А все же, не смотря на балагурство, он покраснел, увидев хозяйку, и потоптался в прихожей, переобувался в теплые тапки, раздевался и копался; сбоку, рядом, синело ее бархатное платье, и он собирался с духом в этом своем топтании, не зацепиться бы взглядом за ее раздавшуюся грудь за треугольным вырезом, которую будто поддерживали специально на животе белые, пухлые руки с прижатыми, как у певицы, к бокам локтями. И ему уже мерещилась насмешка в ее глазах, черных, подведенных дешевым карандашом, насмешка со значением, от которой и его губы ломала ухмылка.
Прежде всего — взгляд. Две пары глаз чиркнут друг о друга кремнем, и искры упадут в черный колодец души. Не будет этого «чирка», ничего не будет. А у них чиркнуло!..
И чтобы уже не делал Верестов, о чем ни говорил, шутил ли, делал комплименты, сидя за чудным, по–славянскому обычаю, — хлебосольным столом, в нем плавилось и плавилось что–то томящее и сладкое.
Дети ему в общем понравились. Дети как дети. Рыженького, кучерявого Игоря, что приволакивал левую ногу и придерживал безжизненную левую руку, паренька с неглупым, как у людей, познавших несчастье, глазами, незлобивого, ему было жалко. Верестов вообще с трудом переносил вид человеческого увечья. А детские увечья, хоть парень не ребенок, но в сыновья сгодился бы ему, были болезненны для него. Верестов припомнил свою службу, тогда еще три года служили. Не было тогда нынешнего зверства — сапогом по голове. Представил Аню, почерневшую от пережитого, но без слез. Такие за свое стоят, сцепив зубы, и пацана она из могилы вытащила, пусть руки ей губами умывает… Поди, в копеечку это влетело. Уж он–то знает!

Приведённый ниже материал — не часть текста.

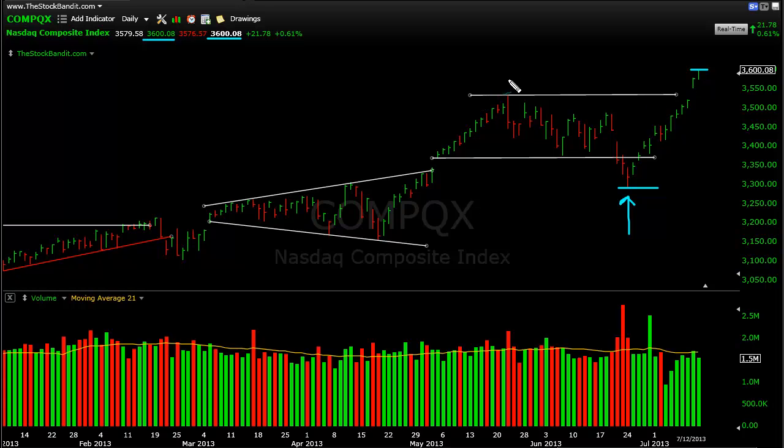We did blow through the 35.20 level, which was the prior high from May. And now we've got a bit of an unfilled gap from last week that extends right down to this 35.20 area. So if we do start to pull back, maybe this gap gets filled. I think that's kind of the first order of business for this index. It's now gone up seven straight sessions in a row.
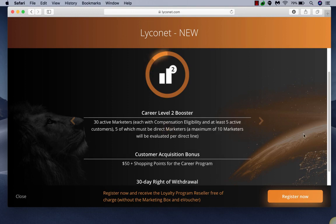Moving to level two — this is a booster and it applies to everyone, not just brand new Lyconet members. Once you have 30 active marketers — meaning commission-eligible with at least five active customers in their lifeline — five of which need to be direct to you, and a maximum of 10 marketers will be evaluated per direct line, you get career level two and this bonus kicks in. I believe this bonus only applies at level two, though that question couldn't quite get answered by corporate. There's another slide that talks more about what the customer acquisition bonus is.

Да, Верестову понравилось у Осокиных. Он и раньше бывал у друзей и знакомых, где так же радушно принимали его, по–домашнему. С семьей у него не сложилось, жениться не удалось, хотя женщины, конечно, были, и он только на примере знакомых видел «свой угол», сам не узнав этого. И сейчас ему казалось, что именно такого вот домашнего тепла ему не доставало…
А у Ани все получалось ладно. Короткое замечание — и дочь, полуразвалившаяся в кресле, накинув ногу на ногу в фиолетовых колготках, одернула желтую мини–юбку, почти набедренный поясок, и скромно придвинулась к столу. Мать задумалась: «Чего еще нет?» — и Олег, спортивного сложения паренек в очках, совершенно не похожий на брата и, как показалось Верестову, несколько туповатый (он многозначительно молчал и, морща нос, ужимками поправлял очки, но когда говорил, то получалось нудно, бессвязно и бестолково, лучше бы молчал), кинулся на кухню за холодцом.